Segment Start: THE DATA

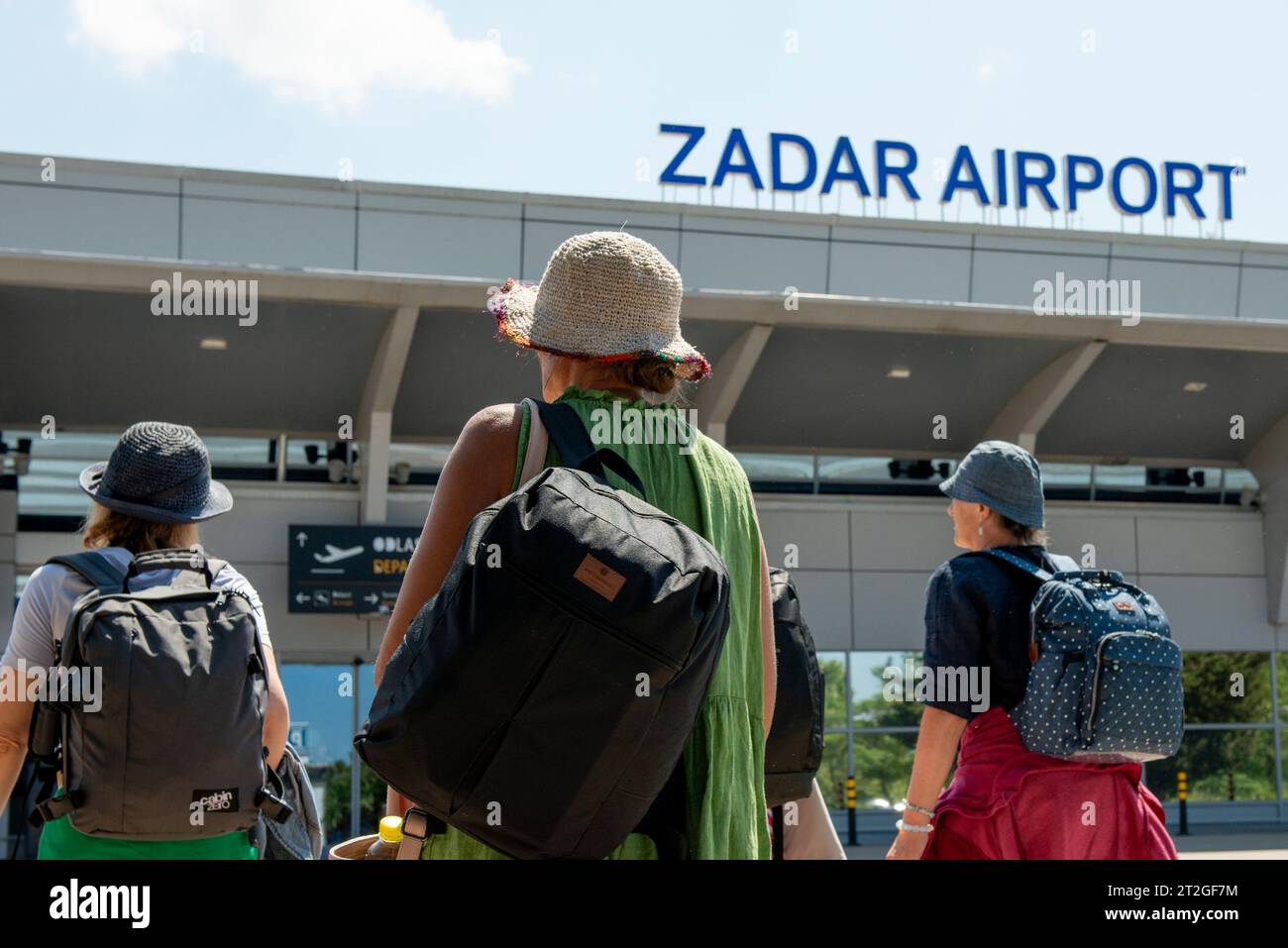 Zadar, touristes féminins, routards, touristes, voyage, voyager, voyager, vacances, vacances, voyage, aéroport de Zadar, Zadar Croatie, Europe, UE Banque D'Images
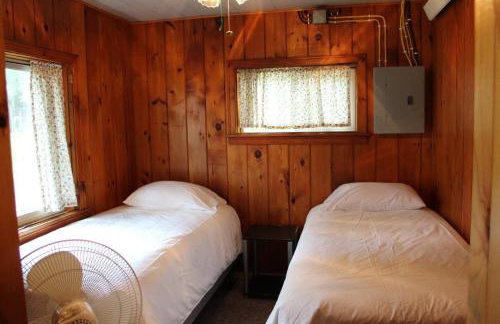 Cabin 7 - Cozy classic cabin on the lake shore with private deck - Foto 5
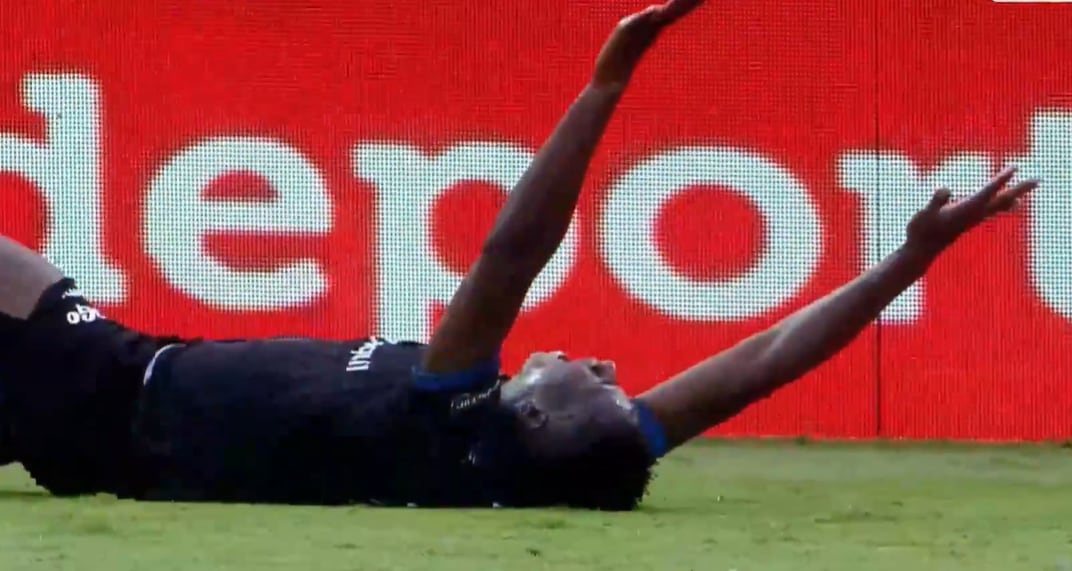 Un defensor argentino fue expulsado tras una dura patada que lesionó a un rival en Ecuador: “Es rotura, es terrible”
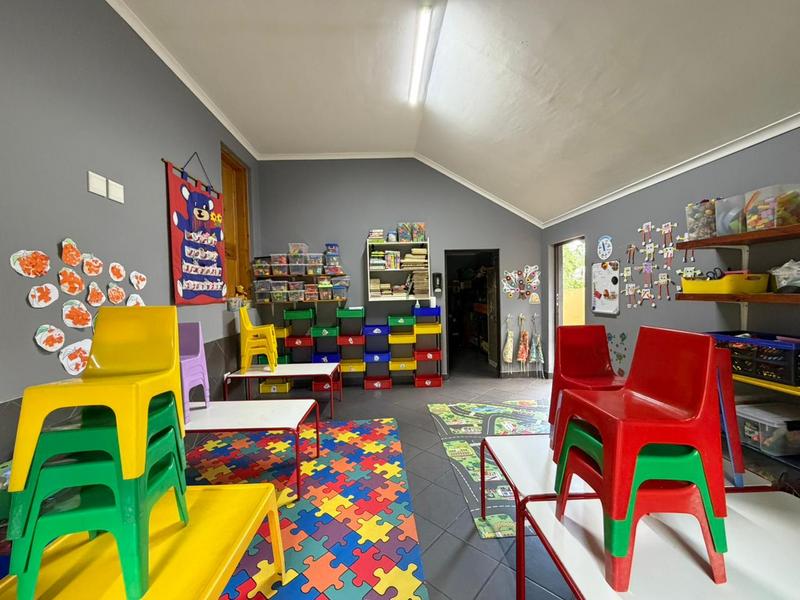 5 Bedroom Property for Sale in Blue Valley Golf Estate Gauteng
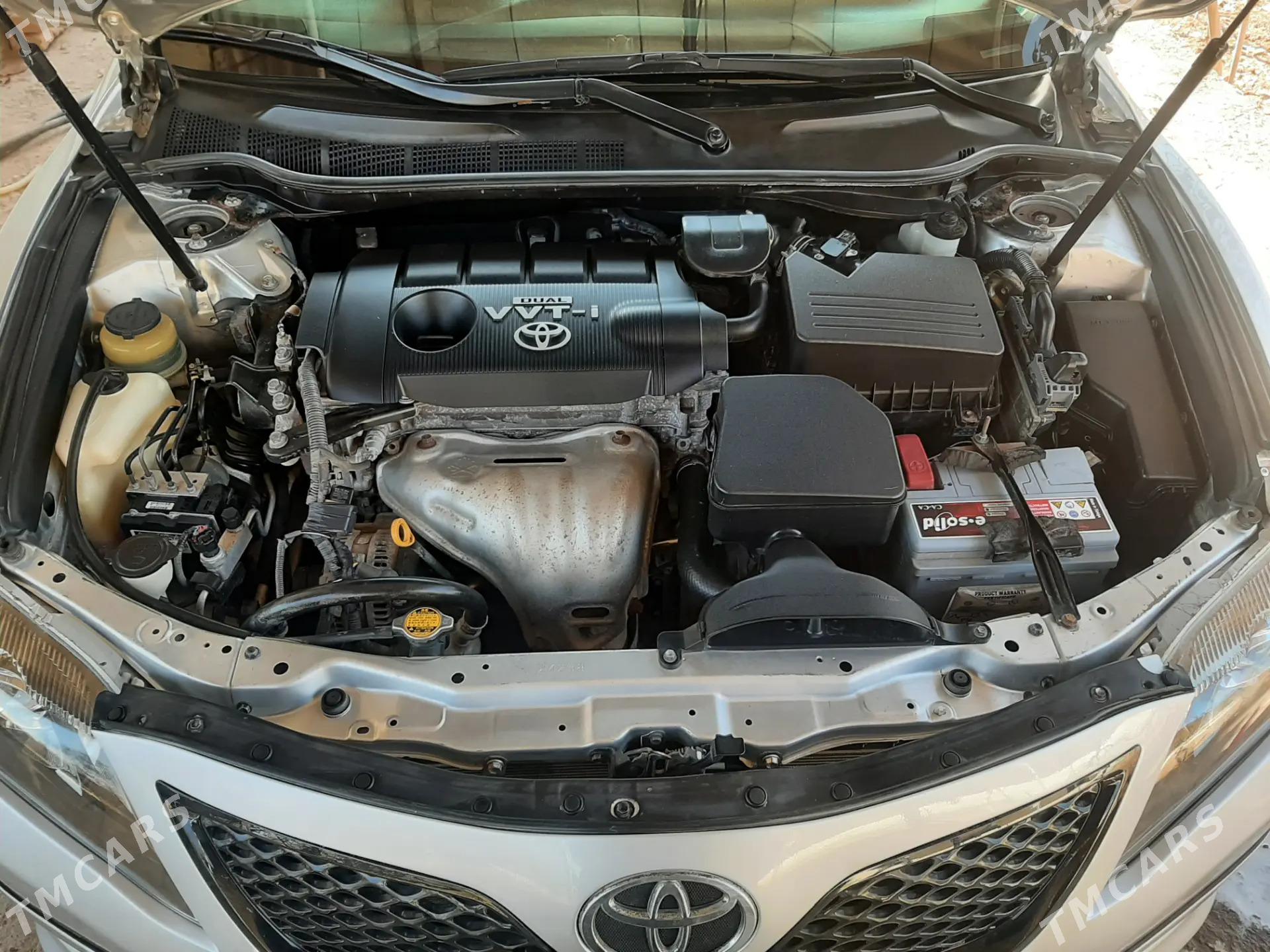 Toyota Camry 2010 - 225 000 TMT - Дашогуз - img 4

Segment End: THE DATA

## ACTION ITEM
I would like the data copied exactly as it stands, with no pictures included.

## SOLUTION TO THE PROBLEM
 Zadar, touristes féminins, routards, touristes, voyage, voyager, voyager, vacances, vacances, voyage, aéroport de Zadar, Zadar Croatie, Europe, UE Banque D'Images
 Cabin 7 - Cozy classic cabin on the lake shore with private deck - Foto 5
 Un defensor argentino fue expulsado tras una dura patada que lesionó a un rival en Ecuador: “Es rotura, es terrible”
 5 Bedroom Property for Sale in Blue Valley Golf Estate Gauteng
 Toyota Camry 2010 - 225 000 TMT - Дашогуз - img 4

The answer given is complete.